Il est topique et même inquiétant de voir que le Gouvernement prépare un viatique à destination des Entreprises, pour savoir comment elles devraient gérer la manifestation, voire les droits du religieux en son sein. 

Ne sera-ce pas encore là source de polémiques en nos périodes troublées, ce alors que le droit du travail a déjà ses textes et sa Jurisprudence déjà bien connus des professionnels, sur la place des libertés individuelles au sein de l'Entreprise, la notion de proportionnalité, etc ?

Ne nous appartient-il pas d'abord, individuellement, de prendre la mesure et la conscience des forces contradictoires qui d'un côté, nous poussent à devenir des êtres "mondialisés" mais parfois vides de sens - Vive l'homo consumeritus standardisé pour les "world companies" !- ; et de l'autre, des individus atomisés fiers et/ou en recherche d'identités, de racines, de droits propres, etc ?
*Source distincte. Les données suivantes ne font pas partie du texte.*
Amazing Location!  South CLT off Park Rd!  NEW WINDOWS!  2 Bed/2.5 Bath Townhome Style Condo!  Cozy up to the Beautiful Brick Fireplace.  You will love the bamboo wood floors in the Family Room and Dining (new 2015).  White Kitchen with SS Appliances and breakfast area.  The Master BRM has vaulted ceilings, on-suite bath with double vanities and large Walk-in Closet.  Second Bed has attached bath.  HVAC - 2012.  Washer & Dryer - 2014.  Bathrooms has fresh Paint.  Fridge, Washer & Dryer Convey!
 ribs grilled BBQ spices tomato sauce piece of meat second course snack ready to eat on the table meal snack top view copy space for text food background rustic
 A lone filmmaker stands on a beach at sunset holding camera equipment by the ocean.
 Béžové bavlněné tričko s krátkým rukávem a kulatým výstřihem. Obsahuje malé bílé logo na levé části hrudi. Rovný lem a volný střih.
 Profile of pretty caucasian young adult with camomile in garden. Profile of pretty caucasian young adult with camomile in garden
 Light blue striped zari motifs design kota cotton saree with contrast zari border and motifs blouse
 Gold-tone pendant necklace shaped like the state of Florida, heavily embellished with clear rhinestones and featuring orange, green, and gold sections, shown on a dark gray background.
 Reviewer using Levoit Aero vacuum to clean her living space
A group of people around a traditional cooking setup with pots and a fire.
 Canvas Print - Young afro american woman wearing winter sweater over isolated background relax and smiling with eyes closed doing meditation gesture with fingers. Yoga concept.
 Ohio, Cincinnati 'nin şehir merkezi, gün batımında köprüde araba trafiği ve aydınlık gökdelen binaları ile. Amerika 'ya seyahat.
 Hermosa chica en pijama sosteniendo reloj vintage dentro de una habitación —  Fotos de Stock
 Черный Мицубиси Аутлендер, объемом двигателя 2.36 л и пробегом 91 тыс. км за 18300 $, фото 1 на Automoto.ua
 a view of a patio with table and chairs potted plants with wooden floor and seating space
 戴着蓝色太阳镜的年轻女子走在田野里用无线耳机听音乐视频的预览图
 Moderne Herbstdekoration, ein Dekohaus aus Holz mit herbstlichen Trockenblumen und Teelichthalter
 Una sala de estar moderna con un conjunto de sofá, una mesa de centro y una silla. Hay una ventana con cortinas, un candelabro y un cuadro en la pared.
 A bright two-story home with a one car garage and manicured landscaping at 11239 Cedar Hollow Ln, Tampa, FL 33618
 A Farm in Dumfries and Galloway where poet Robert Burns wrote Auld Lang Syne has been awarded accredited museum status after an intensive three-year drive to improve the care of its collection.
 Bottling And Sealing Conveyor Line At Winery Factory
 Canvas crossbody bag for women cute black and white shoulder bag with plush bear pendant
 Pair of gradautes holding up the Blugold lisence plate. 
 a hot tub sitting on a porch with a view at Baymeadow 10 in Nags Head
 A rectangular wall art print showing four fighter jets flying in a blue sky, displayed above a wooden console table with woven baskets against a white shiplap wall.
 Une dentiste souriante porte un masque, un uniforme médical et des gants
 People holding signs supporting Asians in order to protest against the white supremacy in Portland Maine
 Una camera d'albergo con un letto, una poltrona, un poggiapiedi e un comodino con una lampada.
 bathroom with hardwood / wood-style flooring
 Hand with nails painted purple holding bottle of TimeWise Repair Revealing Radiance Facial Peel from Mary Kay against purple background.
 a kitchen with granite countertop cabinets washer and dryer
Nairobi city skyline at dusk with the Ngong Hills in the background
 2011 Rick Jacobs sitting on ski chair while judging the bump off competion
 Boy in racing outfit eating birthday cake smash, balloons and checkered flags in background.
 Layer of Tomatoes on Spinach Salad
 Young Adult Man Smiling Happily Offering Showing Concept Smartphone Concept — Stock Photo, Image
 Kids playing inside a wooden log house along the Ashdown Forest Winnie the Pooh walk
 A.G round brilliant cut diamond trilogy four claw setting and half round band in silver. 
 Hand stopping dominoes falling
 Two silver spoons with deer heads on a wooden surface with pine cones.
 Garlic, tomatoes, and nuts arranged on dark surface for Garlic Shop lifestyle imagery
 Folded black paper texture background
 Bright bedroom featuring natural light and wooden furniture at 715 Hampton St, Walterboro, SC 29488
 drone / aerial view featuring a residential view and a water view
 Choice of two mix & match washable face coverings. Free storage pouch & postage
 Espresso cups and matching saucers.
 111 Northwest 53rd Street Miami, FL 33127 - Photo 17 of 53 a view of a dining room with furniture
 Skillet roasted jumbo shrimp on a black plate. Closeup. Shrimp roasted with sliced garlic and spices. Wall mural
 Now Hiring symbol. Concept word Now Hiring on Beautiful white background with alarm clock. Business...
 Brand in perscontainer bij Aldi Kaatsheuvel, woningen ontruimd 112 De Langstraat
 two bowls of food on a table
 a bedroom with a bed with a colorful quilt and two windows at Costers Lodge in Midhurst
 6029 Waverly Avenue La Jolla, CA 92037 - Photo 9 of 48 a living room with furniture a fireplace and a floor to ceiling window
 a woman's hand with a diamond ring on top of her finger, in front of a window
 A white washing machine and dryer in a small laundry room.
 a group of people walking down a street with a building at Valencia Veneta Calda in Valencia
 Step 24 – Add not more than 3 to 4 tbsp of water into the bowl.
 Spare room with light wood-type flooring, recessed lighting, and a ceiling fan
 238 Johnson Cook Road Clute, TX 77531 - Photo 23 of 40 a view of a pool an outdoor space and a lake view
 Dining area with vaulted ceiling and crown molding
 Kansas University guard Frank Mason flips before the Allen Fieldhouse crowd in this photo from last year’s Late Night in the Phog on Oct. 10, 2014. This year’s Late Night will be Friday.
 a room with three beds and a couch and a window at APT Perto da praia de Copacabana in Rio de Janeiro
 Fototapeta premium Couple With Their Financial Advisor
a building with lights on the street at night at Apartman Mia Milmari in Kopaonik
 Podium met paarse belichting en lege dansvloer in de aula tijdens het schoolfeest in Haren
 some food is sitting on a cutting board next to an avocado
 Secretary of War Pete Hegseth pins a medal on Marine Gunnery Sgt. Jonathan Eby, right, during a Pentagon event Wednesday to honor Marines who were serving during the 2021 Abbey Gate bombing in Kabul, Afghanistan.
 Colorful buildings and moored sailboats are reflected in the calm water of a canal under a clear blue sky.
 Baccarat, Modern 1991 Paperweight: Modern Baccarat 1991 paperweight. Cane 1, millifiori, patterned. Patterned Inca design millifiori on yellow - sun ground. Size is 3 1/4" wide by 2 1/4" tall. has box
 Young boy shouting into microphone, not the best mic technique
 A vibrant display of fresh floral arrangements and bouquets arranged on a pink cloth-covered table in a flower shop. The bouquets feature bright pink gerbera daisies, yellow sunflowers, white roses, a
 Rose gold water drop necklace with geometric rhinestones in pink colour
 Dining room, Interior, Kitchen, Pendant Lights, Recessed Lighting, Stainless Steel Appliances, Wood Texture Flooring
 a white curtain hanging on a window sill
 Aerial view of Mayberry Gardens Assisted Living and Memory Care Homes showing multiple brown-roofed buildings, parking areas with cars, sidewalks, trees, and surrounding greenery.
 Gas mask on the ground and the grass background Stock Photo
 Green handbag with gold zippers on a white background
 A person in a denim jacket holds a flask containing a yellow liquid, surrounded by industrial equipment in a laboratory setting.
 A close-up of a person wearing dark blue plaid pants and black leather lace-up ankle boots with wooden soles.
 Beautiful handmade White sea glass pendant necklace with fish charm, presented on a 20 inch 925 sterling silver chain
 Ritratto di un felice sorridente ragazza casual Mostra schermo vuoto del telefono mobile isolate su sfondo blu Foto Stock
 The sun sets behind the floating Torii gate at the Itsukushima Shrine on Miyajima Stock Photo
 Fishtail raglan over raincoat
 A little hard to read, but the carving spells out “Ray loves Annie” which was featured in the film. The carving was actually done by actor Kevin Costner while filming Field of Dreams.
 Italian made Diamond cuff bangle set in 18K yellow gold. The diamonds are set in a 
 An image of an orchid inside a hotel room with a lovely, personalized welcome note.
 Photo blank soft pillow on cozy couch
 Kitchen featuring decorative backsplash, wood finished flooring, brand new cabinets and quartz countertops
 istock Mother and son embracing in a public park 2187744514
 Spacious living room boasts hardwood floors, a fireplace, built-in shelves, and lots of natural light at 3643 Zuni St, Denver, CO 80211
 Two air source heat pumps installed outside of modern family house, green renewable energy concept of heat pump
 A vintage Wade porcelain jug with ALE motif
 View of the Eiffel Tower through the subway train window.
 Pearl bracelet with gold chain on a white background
Avec un peu d'intelligence souvent, de retenue parfois, de respect des différences toujours, mais aussi d'affirmation de soi, ne devons nous pas aller vers l'autre et lui tendre la main, qui que nous soyons, d'où que nous venions, et quelle que soit notre religion (ou pas) ?

Serait-ce trop naïf que d'aborder notre responsabilité individuelle et universelle sous cet angle là ? 

Que cela soit affaire de foi religieuse ou de foi républicaine, que faisons-nous de la fraternité entre les hommes, entre les peuples, si nous cédons aux sirènes des enfermements et mots d'ordre parfois vides de sens, que les précepteurs de telles ou telles "bonnes paroles" nous assènent ?

Force est à cette place de constater pour l'heure que les "phrases choc", les "buzz médiatiques", les mesures et/ou propositions toutes plus iconoclastes les unes que les autres fleurissent.

Les réseaux sociaux se déchainent, une fois encore ; et de tout cela, il ne ressort rarement pas du bon !

Pourtant, notre société a plus que jamais besoin de positions plus réfléchies, plus équilibrées, propices à trouver des points de rencontre, et matière à apaisement dans une société perturbée par tels ou tels "signaux religieux".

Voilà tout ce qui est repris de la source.